Supplied data
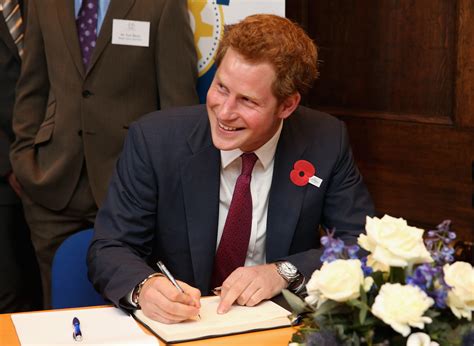 Did Prince Harry's book have a ghostwriter?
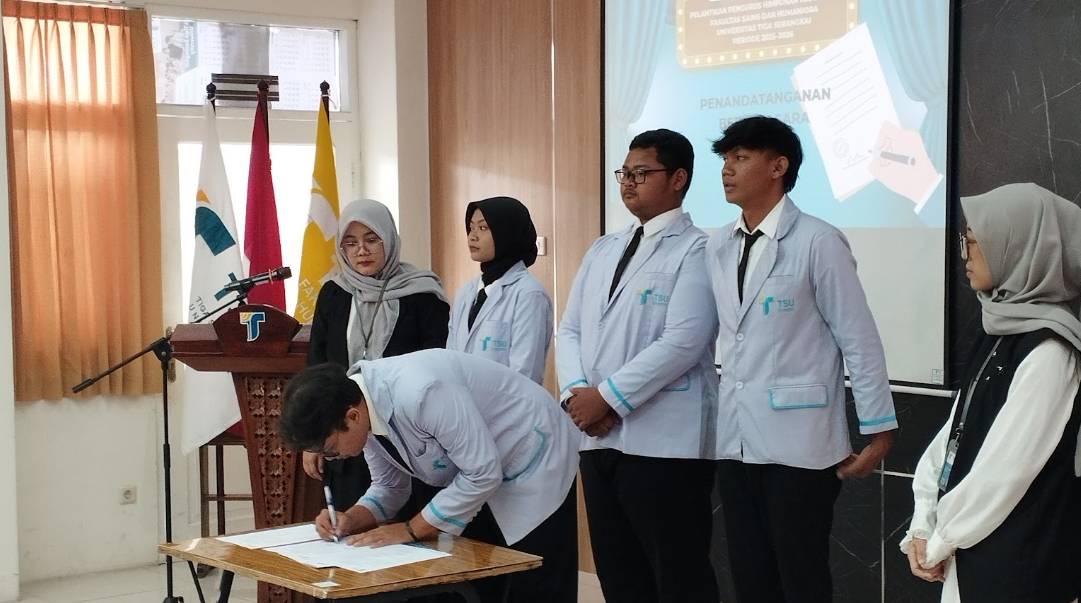 Perdana Pelantikan Pengurus HMP Fakultas Sains dan Humaniora Universitas Tiga Serangkai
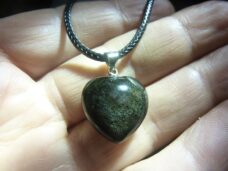 Pendentif coeur Obsidienne dorée + cordon en coton cirée 56 cm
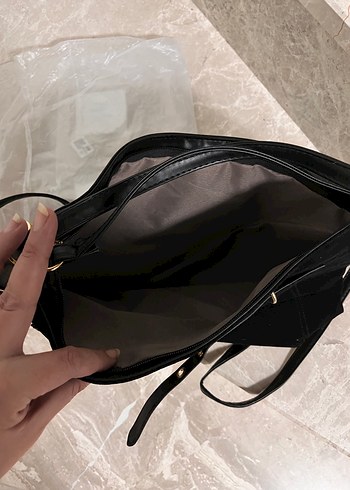 Kemer Detaylı Siyah Süet Kadın Çanta - Görsel 3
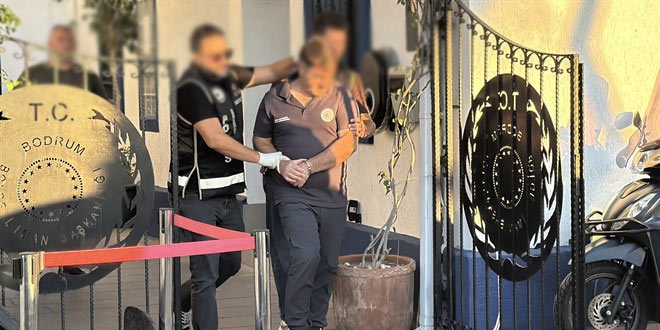 Bodrum Liman Ba�kan� 'r��vet' al�rken su��st� yakaland�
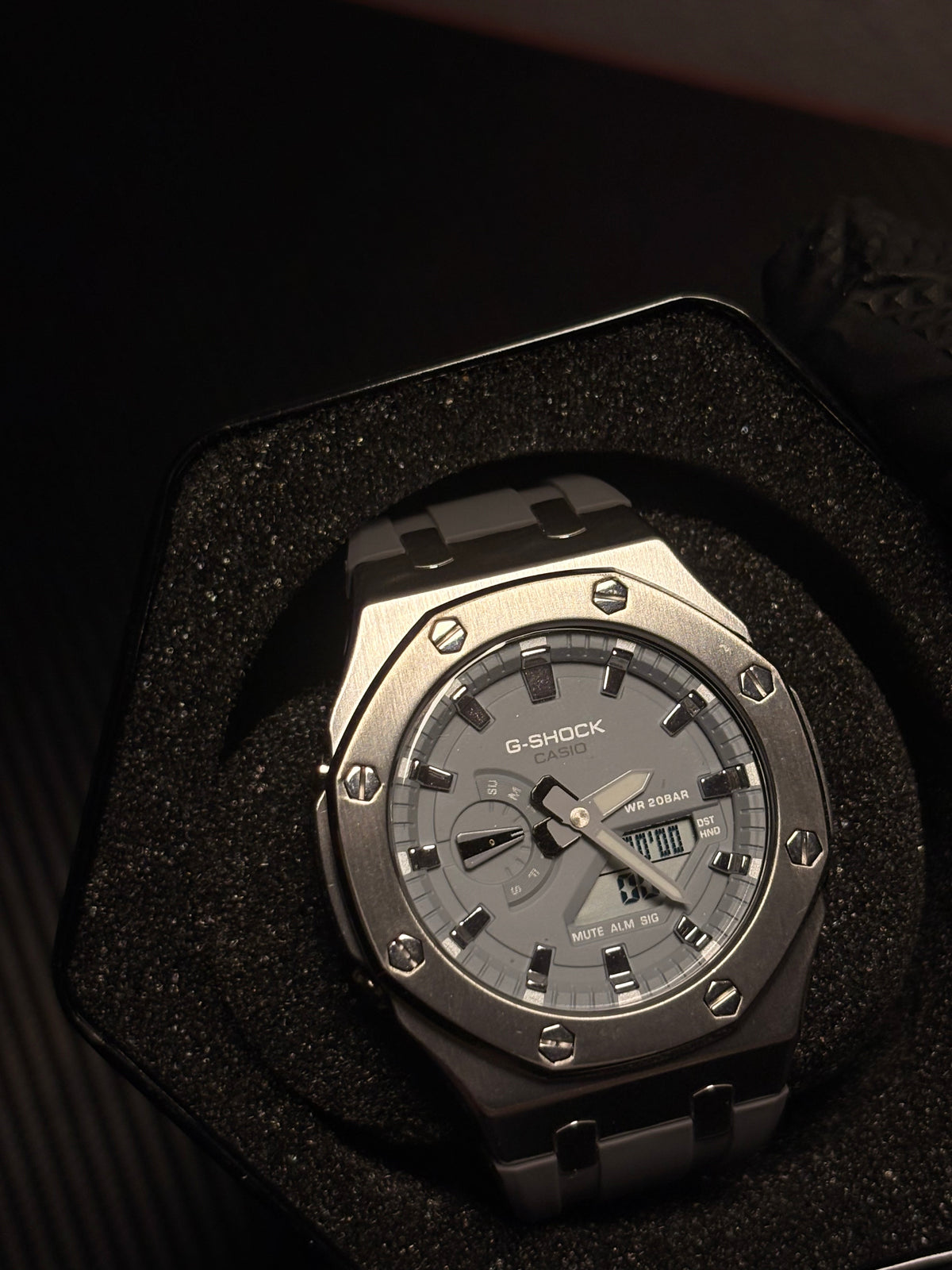 GREY WOLF AP X G-SHOCK G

Your task
In the records above, find the line that contains "Perdana Pelantikan Pengurus" and retype it and all lines after it exactly, leaving out any pictures.

Task result
 Perdana Pelantikan Pengurus HMP Fakultas Sains dan Humaniora Universitas Tiga Serangkai
 Pendentif coeur Obsidienne dorée + cordon en coton cirée 56 cm
 Kemer Detaylı Siyah Süet Kadın Çanta - Görsel 3
 Bodrum Liman Ba�kan� 'r��vet' al�rken su��st� yakaland�
 GREY WOLF AP X G-SHOCK G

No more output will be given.